- [What you have to do]: The entire listing below is to be written out exactly, minus the pictures.

Input data Block Start

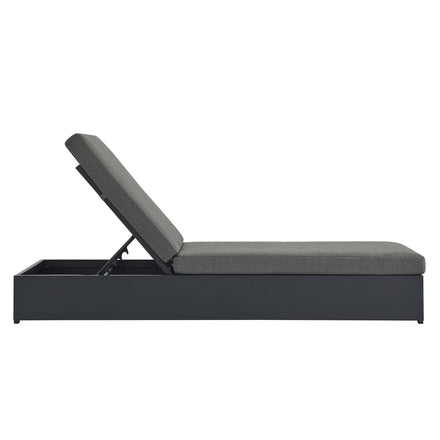 Tahoe Outdoor Patio Powder-Coated Aluminum Chaise Lounge Chair in Gray Charcoal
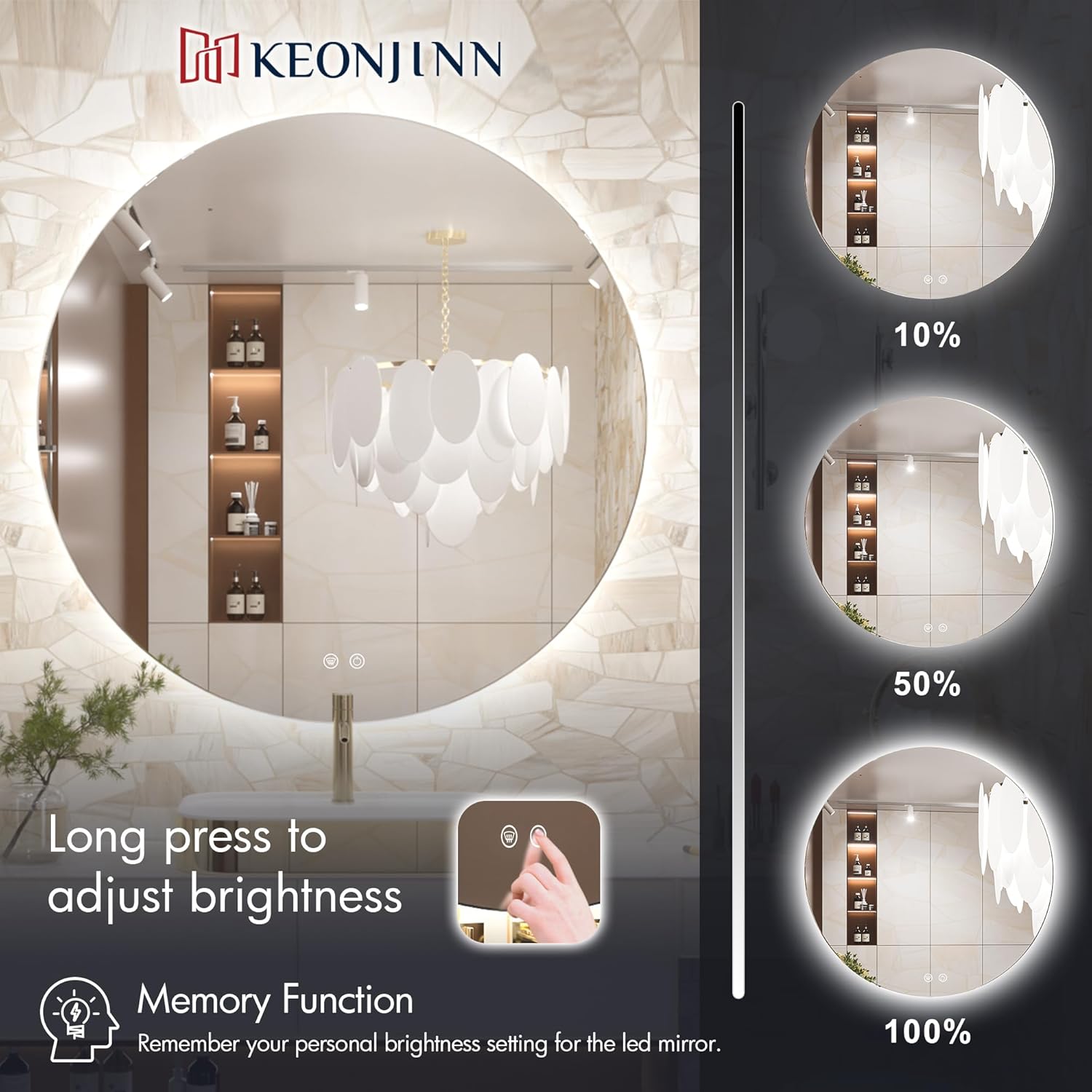 Keonjinn 40 Inch Large Round LED Bathroom Mirror with Lights, UL Listed LED Driver, Oversized Backlit Mirrors, 3 Color Temperature, Circle Frameless LED Lighted Wall-Mounted Vanity Mirror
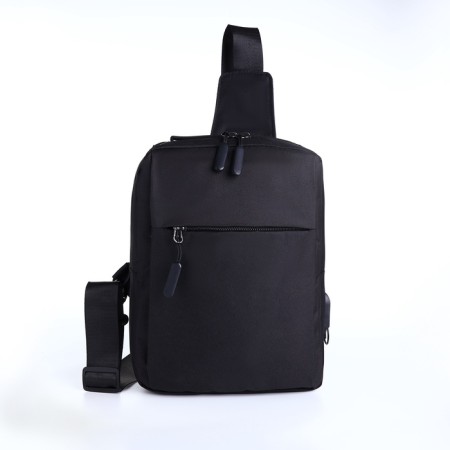 Male sling bag from textiles, with USB, black color-1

Input data Block End

- [Task result]:
 Tahoe Outdoor Patio Powder-Coated Aluminum Chaise Lounge Chair in Gray Charcoal
 Keonjinn 40 Inch Large Round LED Bathroom Mirror with Lights, UL Listed LED Driver, Oversized Backlit Mirrors, 3 Color Temperature, Circle Frameless LED Lighted Wall-Mounted Vanity Mirror
 Male sling bag from textiles, with USB, black color-1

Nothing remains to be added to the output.